### Task statement
Below is a listing. Return the lines from the one that contains "Carte en couleur" to the one that contains "Personalised jewellery - KBN", both ends included, verbatim and with no pictures.

### Listed entries
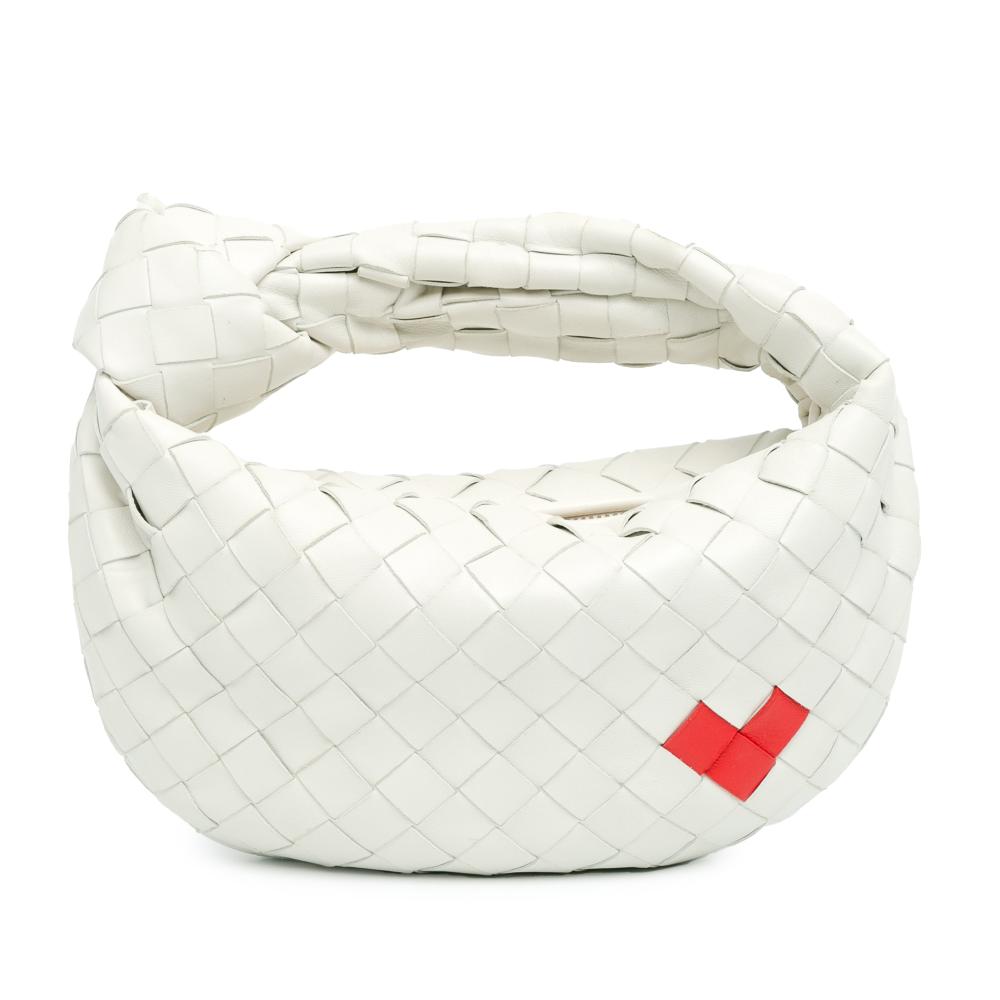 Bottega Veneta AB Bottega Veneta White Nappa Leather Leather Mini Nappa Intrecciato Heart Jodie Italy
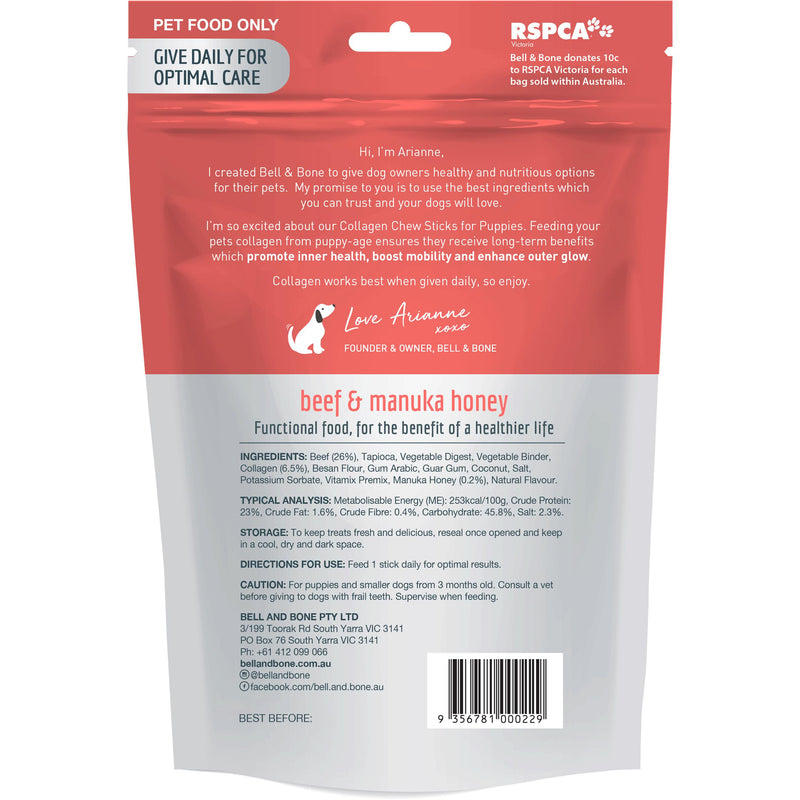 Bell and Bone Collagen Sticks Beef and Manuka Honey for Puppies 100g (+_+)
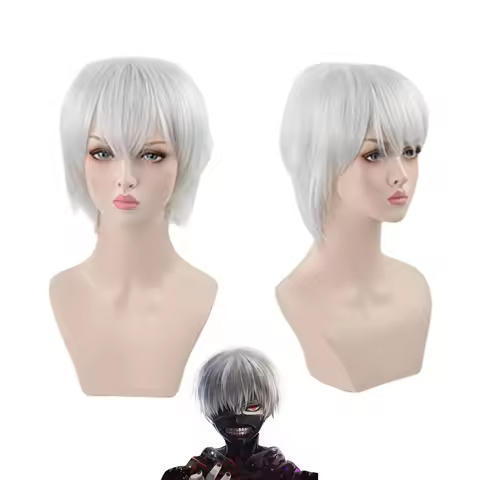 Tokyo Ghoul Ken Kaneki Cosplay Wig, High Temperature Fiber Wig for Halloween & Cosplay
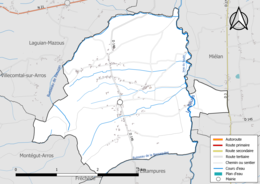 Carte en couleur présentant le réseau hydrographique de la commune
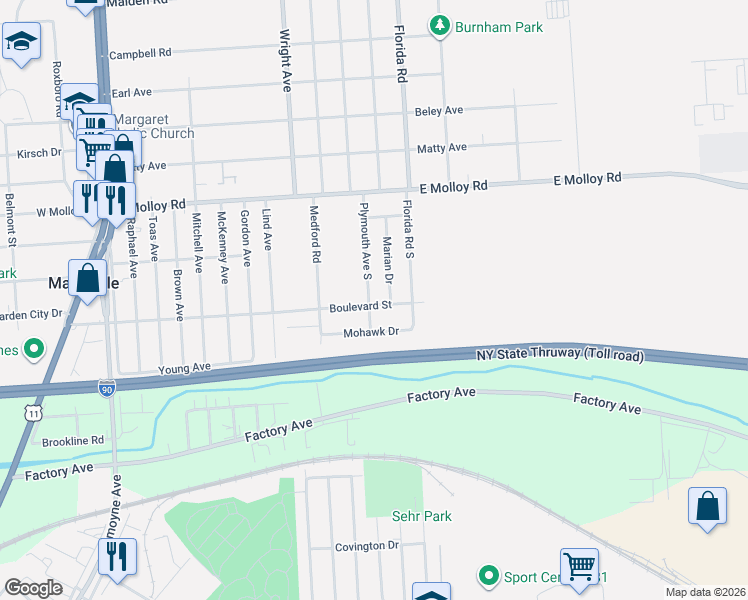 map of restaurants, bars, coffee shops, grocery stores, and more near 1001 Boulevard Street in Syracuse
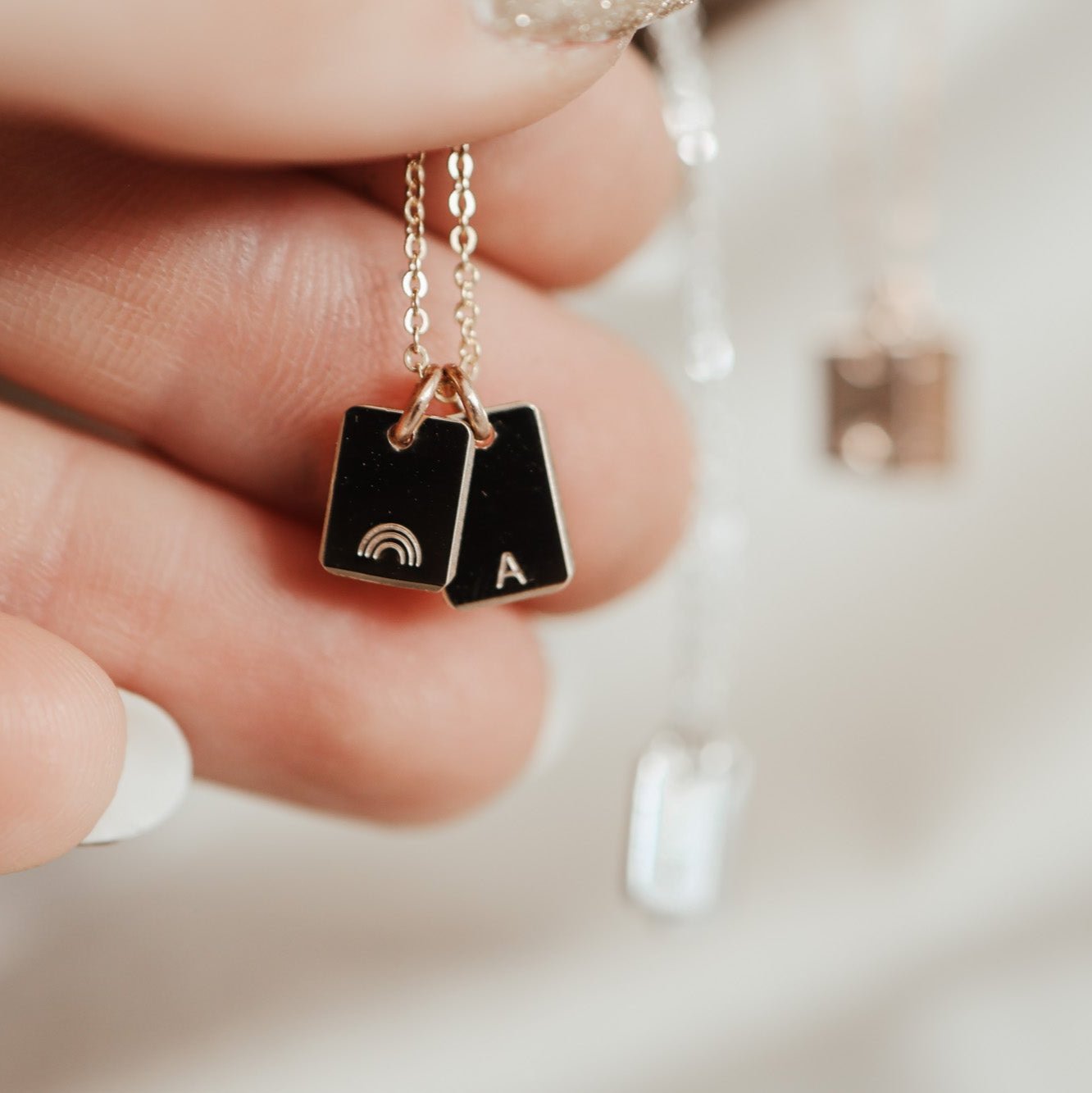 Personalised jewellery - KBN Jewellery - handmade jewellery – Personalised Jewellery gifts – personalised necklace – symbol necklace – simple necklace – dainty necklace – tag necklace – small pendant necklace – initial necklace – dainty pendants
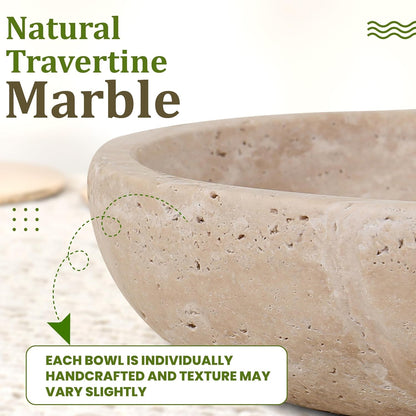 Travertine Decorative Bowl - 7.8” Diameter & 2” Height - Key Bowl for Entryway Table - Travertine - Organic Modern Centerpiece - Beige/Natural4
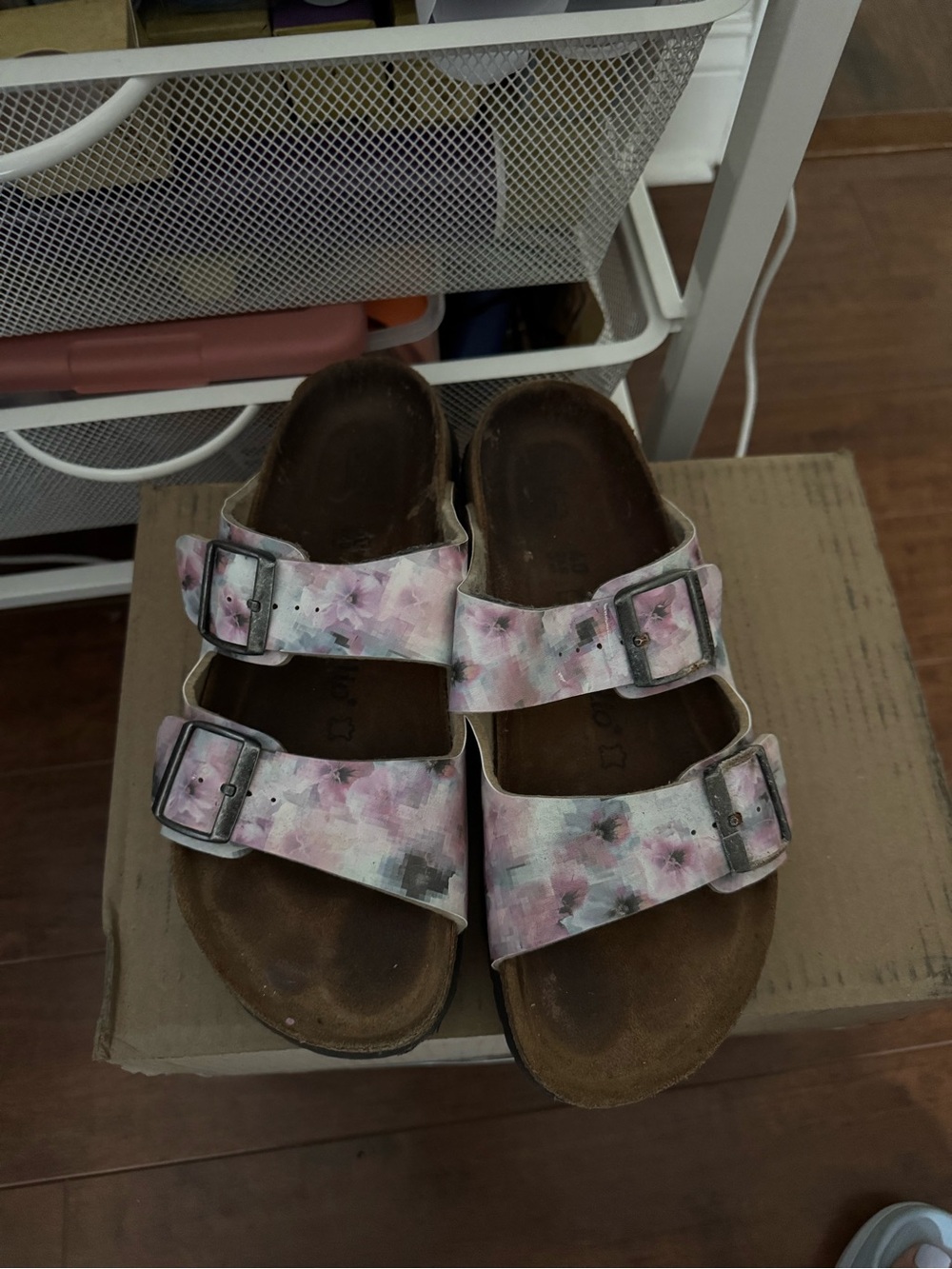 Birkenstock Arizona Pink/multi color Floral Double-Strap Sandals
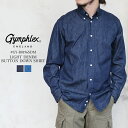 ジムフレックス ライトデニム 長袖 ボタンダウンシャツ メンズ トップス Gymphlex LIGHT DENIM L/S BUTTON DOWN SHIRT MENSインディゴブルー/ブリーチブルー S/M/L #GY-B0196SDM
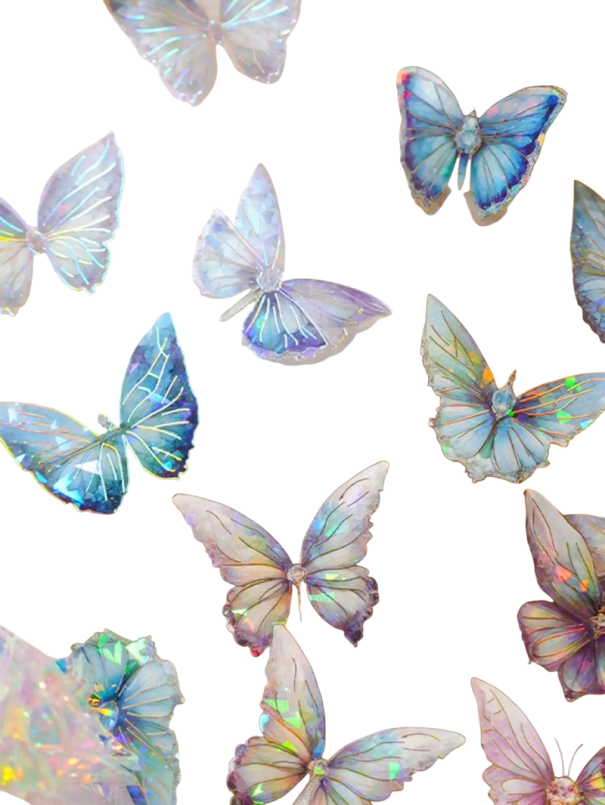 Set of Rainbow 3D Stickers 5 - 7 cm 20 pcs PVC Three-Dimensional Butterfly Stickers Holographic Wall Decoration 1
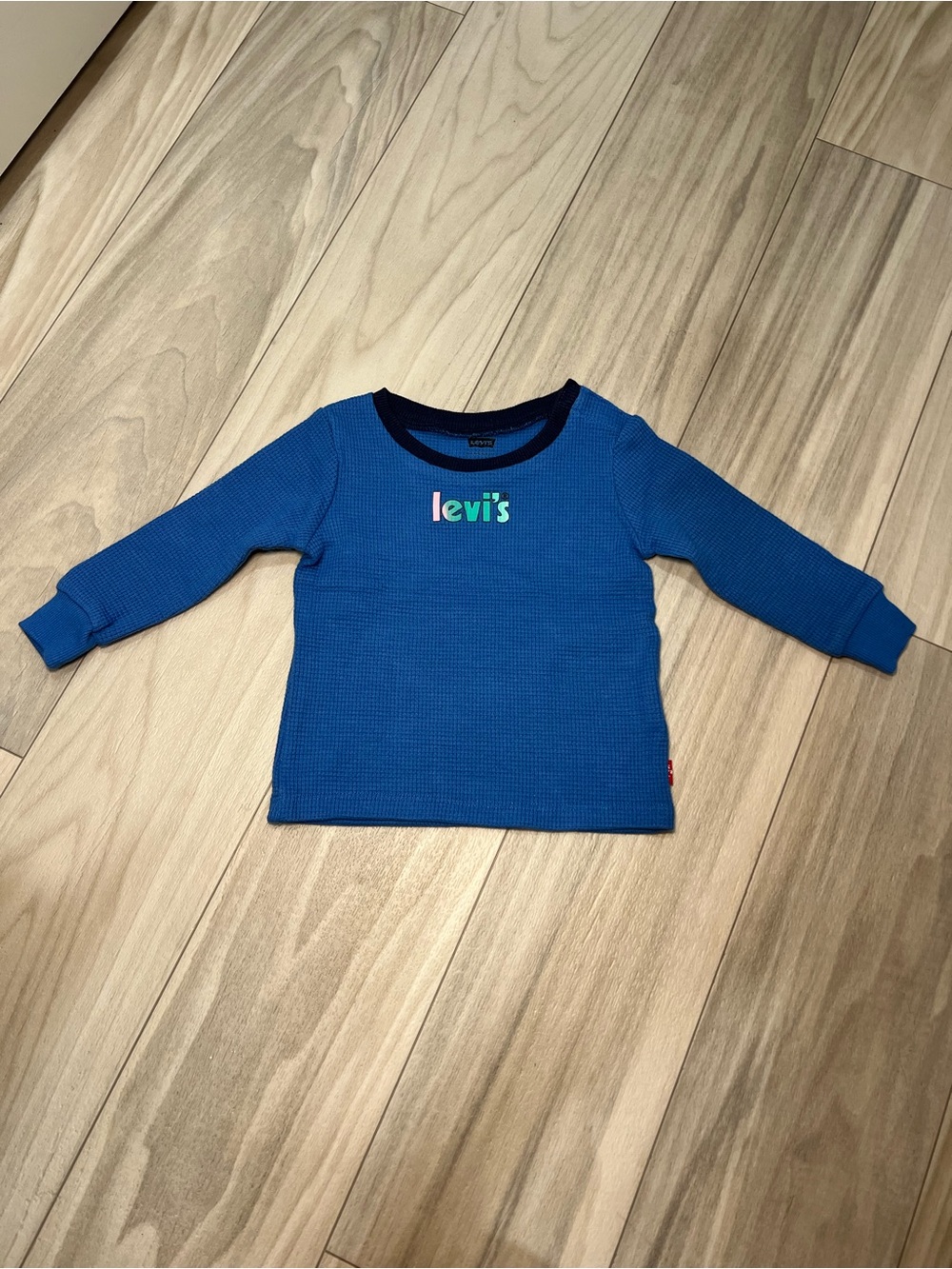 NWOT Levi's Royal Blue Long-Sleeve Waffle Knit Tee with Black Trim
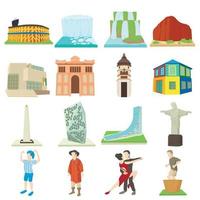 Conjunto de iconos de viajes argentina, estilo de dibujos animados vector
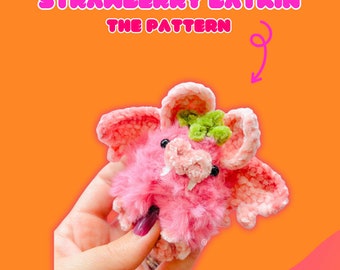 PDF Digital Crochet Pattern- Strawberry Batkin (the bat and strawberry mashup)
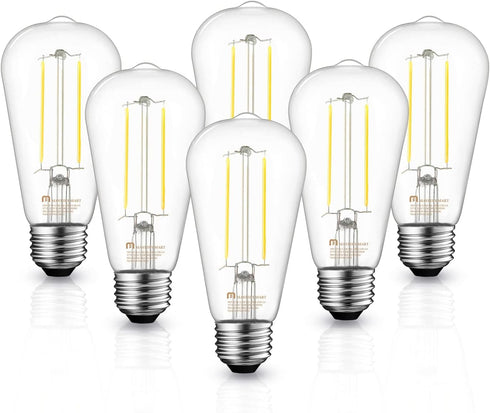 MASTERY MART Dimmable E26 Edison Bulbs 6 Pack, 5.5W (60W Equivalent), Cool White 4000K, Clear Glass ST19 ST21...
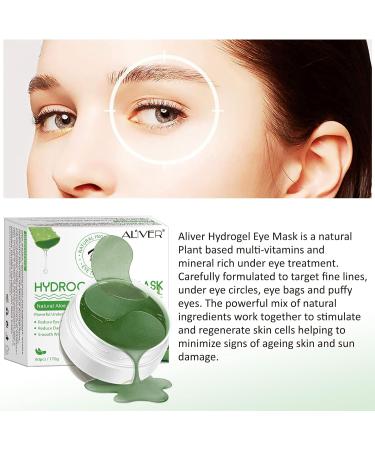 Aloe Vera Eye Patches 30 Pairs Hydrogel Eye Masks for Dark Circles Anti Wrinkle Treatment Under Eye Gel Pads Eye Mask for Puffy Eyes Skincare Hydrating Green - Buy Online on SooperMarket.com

### Exercise result
 Carte en couleur présentant le réseau hydrographique de la commune
 map of restaurants, bars, coffee shops, grocery stores, and more near 1001 Boulevard Street in Syracuse
 Personalised jewellery - KBN Jewellery - handmade jewellery – Personalised Jewellery gifts – personalised necklace – symbol necklace – simple necklace – dainty necklace – tag necklace – small pendant necklace – initial necklace – dainty pendants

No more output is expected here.